▸ What you are asked to do: Reproduce, without alteration, every line of the data; exclude the images.

▸ Given entries:
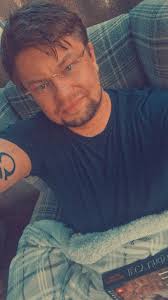 I think it was a book but I can't remember. It's about two lads back  packing staying at a hostel one of them is dying. A women who's pregnant  and flees but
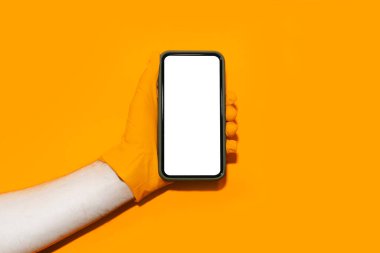Turuncu eldiven giyen ve turuncu arka planda akıllı telefon tutan erkek eli yakın plan..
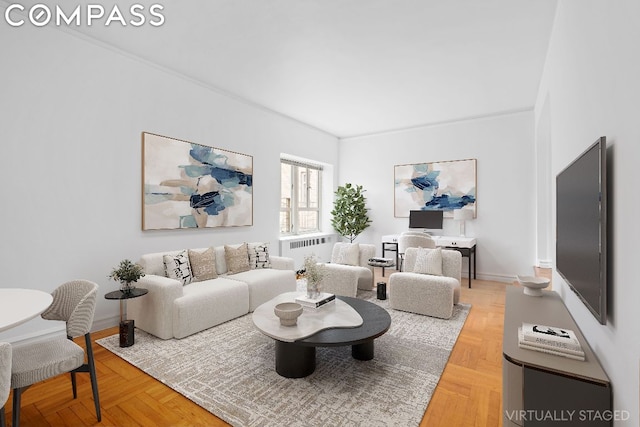 living room featuring ornamental molding, parquet flooring, and radiator heating unit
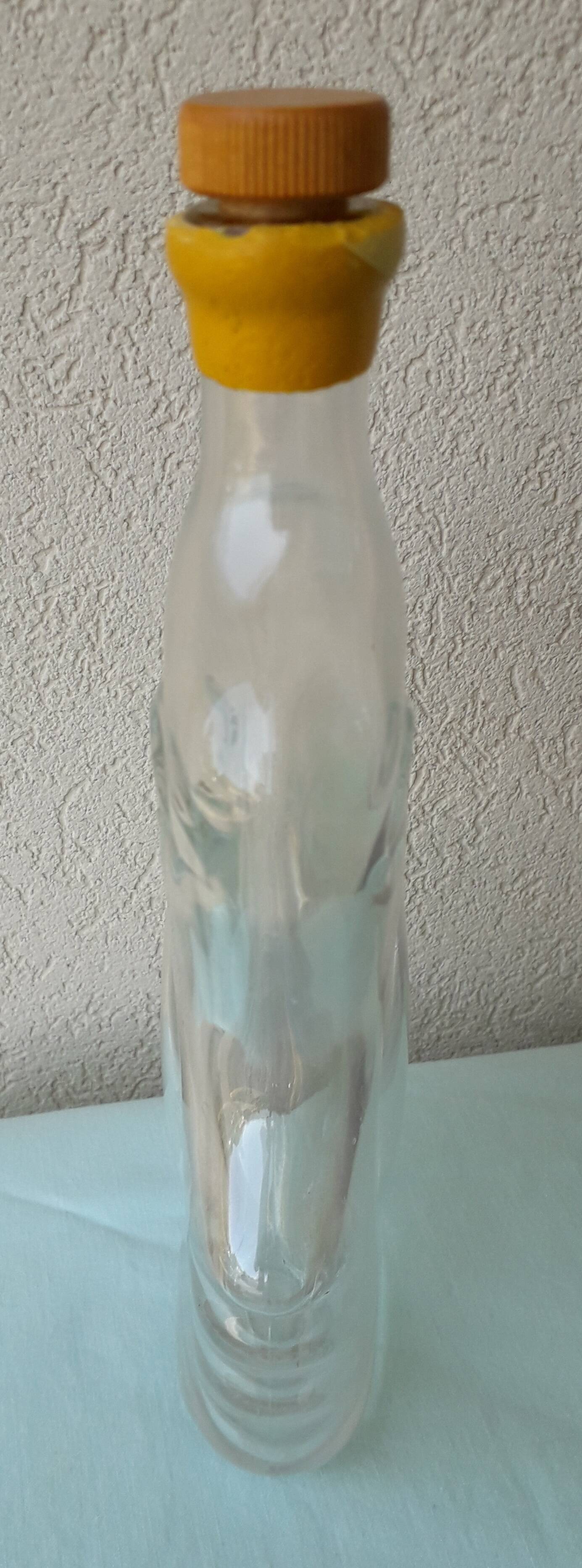 Bouteille anthropomorphe en verre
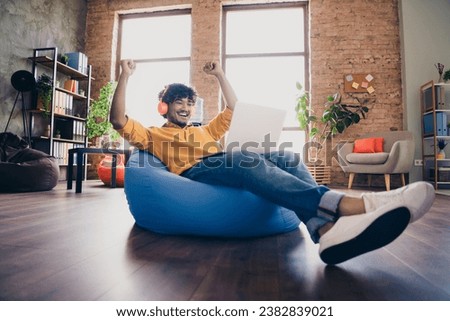 Photo portrait of nice young male wear yellow shirt sit blue bean bag raise fists celebrate done work interior loft industrial style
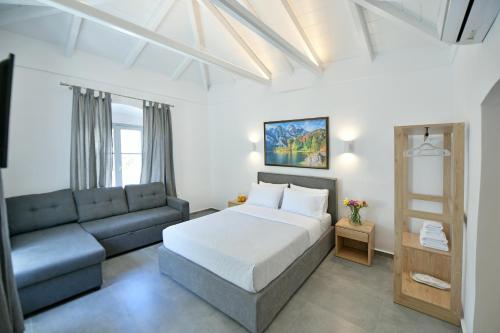 a bedroom with a bed and a couch at Douskos Citrus Apartments in Hydra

▸ Task answer:
 I think it was a book but I can't remember. It's about two lads back  packing staying at a hostel one of them is dying. A women who's pregnant  and flees but
Turuncu eldiven giyen ve turuncu arka planda akıllı telefon tutan erkek eli yakın plan..
 living room featuring ornamental molding, parquet flooring, and radiator heating unit
 Bouteille anthropomorphe en verre
 Photo portrait of nice young male wear yellow shirt sit blue bean bag raise fists celebrate done work interior loft industrial style
 a bedroom with a bed and a couch at Douskos Citrus Apartments in Hydra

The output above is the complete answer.